Vasantham
- Country: Singapore
- Broadcast area: Singapore Malaysia (Johor) Indonesia (Riau Islands)
- Headquarters: Mediacorp Campus, 1 Stars Avenue, Singapore 138507

Programming
- Language: Tamil
- Picture format: 1080i 16:9 HDTV

Ownership
- Owner: Mediacorp
- Sister channels: 5 8 U Suria CNA

History
- Launched: 1 September 1995; 30 years ago (Tamil programming on Prime 12) 30 January 2000; 26 years ago (Vasantham Central strand) 19 October 2008; 17 years ago (as a standalone channel)

Links
- Website: Vasantham

Availability

Terrestrial
- Digital terrestrial television: UHF CH 31 554MHz DVB-T2 Channel 5 (HD)

Streaming media
- meWATCH: Available on meWATCH website or mobile app (Singapore only)

= Mediacorp Vasantham =

Vasantham (வசந்தம்) is a Tamil-language free-to-air terrestrial television channel in Singapore. Owned by state media conglomerate Mediacorp, the channel broadcasts entertainment and news programming targeting the Singaporean Tamil community.

== History ==
Since the inception of television broadcasting in Singapore, Tamil-language programming had been broadcast by Mediacorp and its predecessors via its existing channels; after having carried programming in all four of Singapore's official languages on 5 and 8, the channels were split on 30 March 1973. 5 would focus on English and Malay, and 8 would focus on Chinese and Tamil.

On 1 September 1995, Channel 12—which took on Malay programming after 5 relaunched as an English-language channel a year prior—relaunched as Prime 12, and Tamil programming moved to the channel.
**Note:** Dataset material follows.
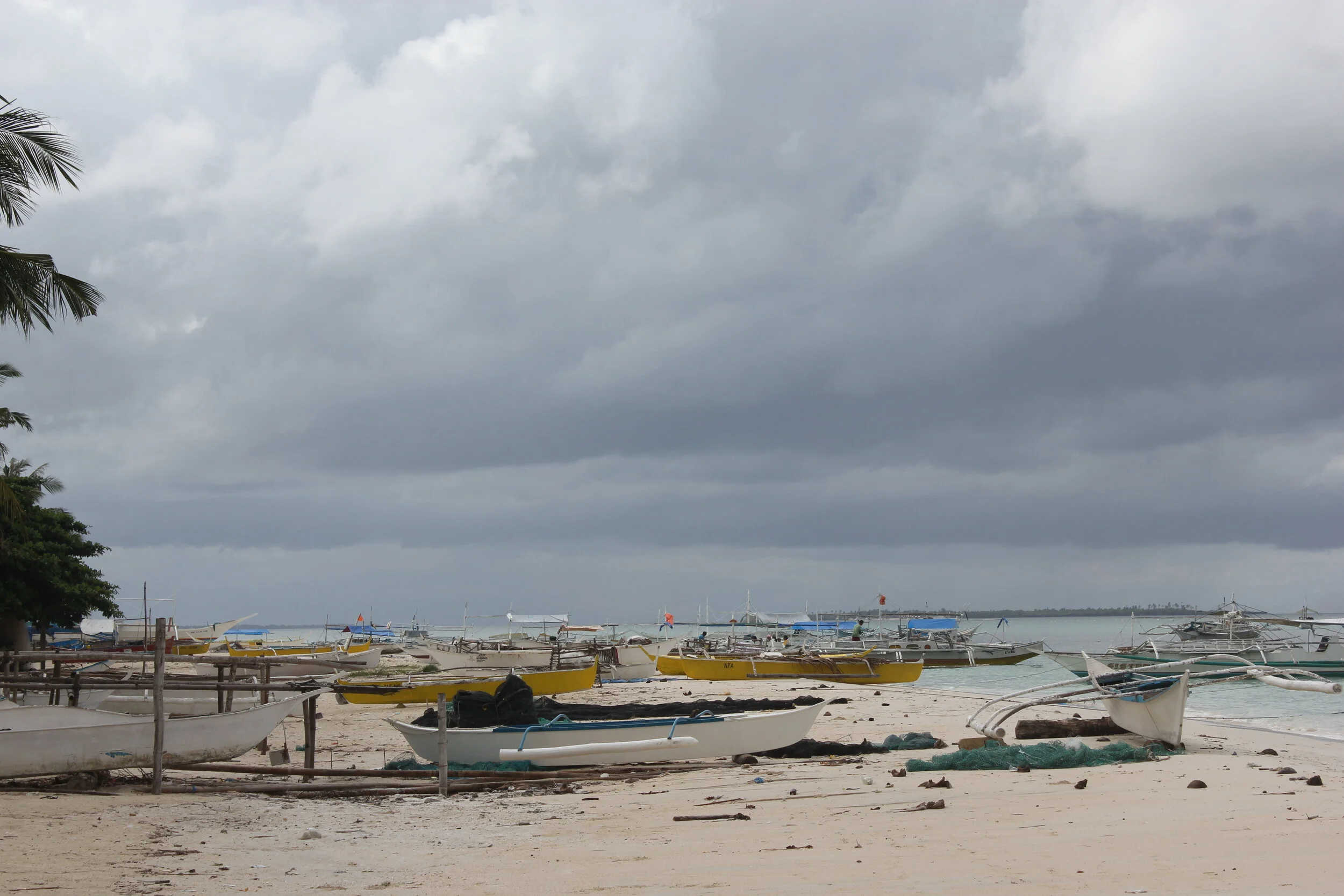Small fishing boats line the coast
With the move, Tamil output increased from an average of 10 hours per-week to 16 hours.

In September 1999, Singapore Television Twelve announced changes to its two channels taking effect in 2000, with Prime 12 becoming a full-time Malay channel known as Suria, and Premiere 12 (which took on arts and cultural programming after the Prime 12 relaunch) becoming Central—a channel divided into blocks for children's programming, Tamil programming, and arts programming. "Vasantham Central" would be one of the three main program strands carried by Central.
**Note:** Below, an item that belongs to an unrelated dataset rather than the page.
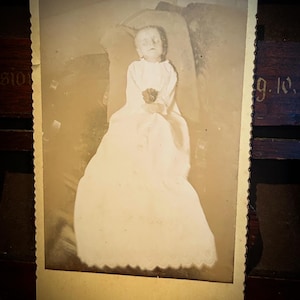 May include: A sepia-toned vintage photograph with a scalloped edge featuring a person lying down in a long, light-colored gown with a high collar. The person holds a small, dark flower in their hands. The image has a rectangular border.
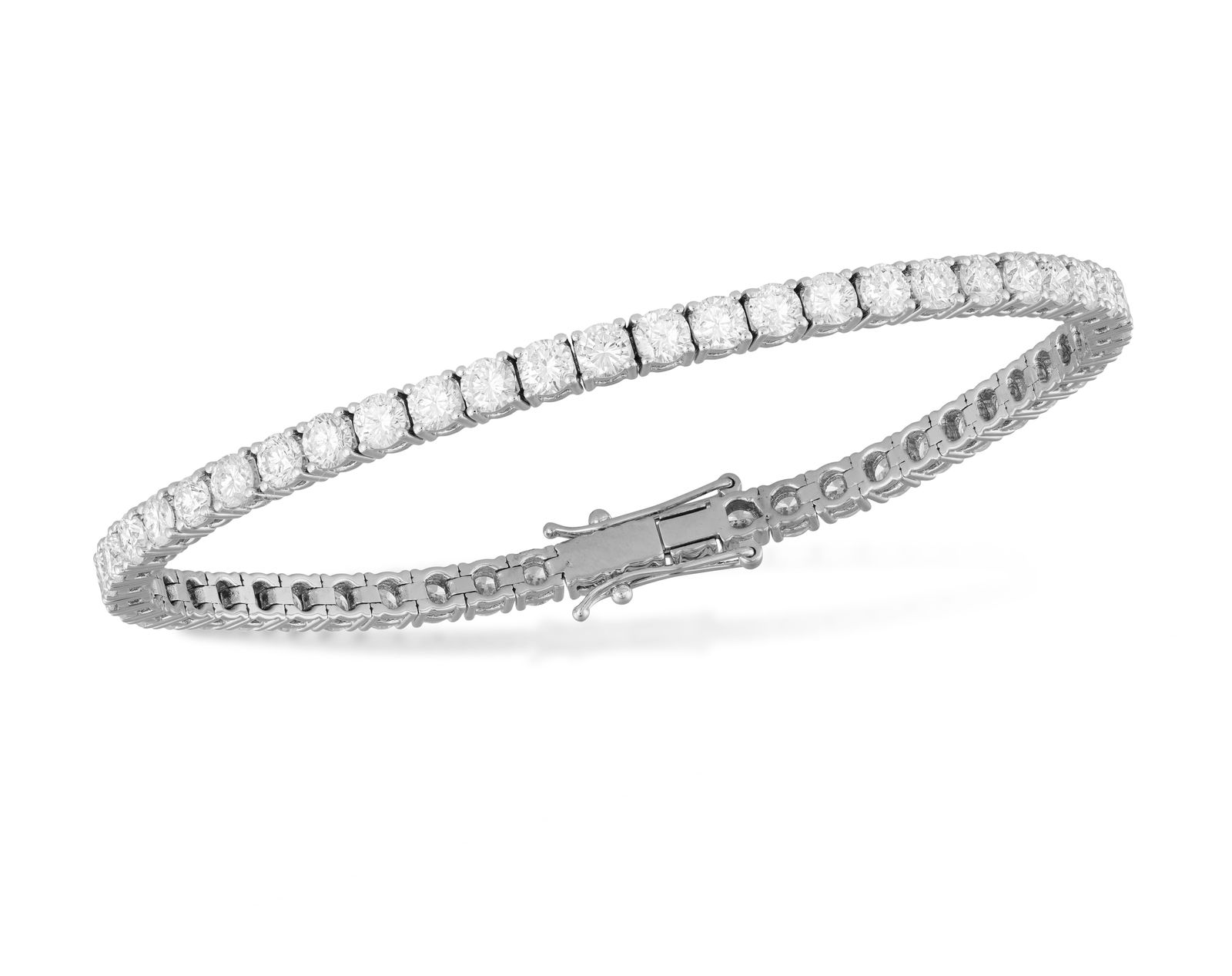 A DIAMOND LINE BRACELET * brilliant-cut diamonds, approx. 7.00cts total * mounted in 18K gold * (1 of 3)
In February 2008, it was announced that Central would be split into two full-time channels dedicated respectively to Tamil-language programming, and children's and arts programming. The new channels—Vasantham and Okto—would launch in 19 October 2008.

== Programming ==

Vasantham's programming consists primarily of Tamil-language dramas and variety shows. Seithi (செய்தி) serves as the station's evening newscast. In 2019, the channel launched Muthal Paarvai, a viewer-voted pilot contest for new Vasantham dramas.
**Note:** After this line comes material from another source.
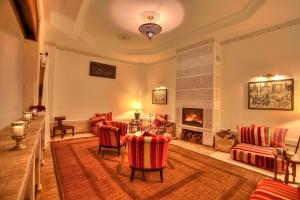 a living room with red chairs and a fireplace at Riad le Clos des Arts in Marrakech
Vasantham broadcasts from 9:00 a.m. SGT daily, signing off at 12:00 a.m. SGT on Mondays, Tuesdays, and Wednesdays, 12:30 a.m. on Thursdays, Fridays, and Sundays, and 1:30 a.m. on Saturdays (except on national holidays where it broadcasts for 24 hours). A simulcast of Mediacorp's Tamil-language radio station Oli 968 is carried during the overnight and morning hours until sign-on.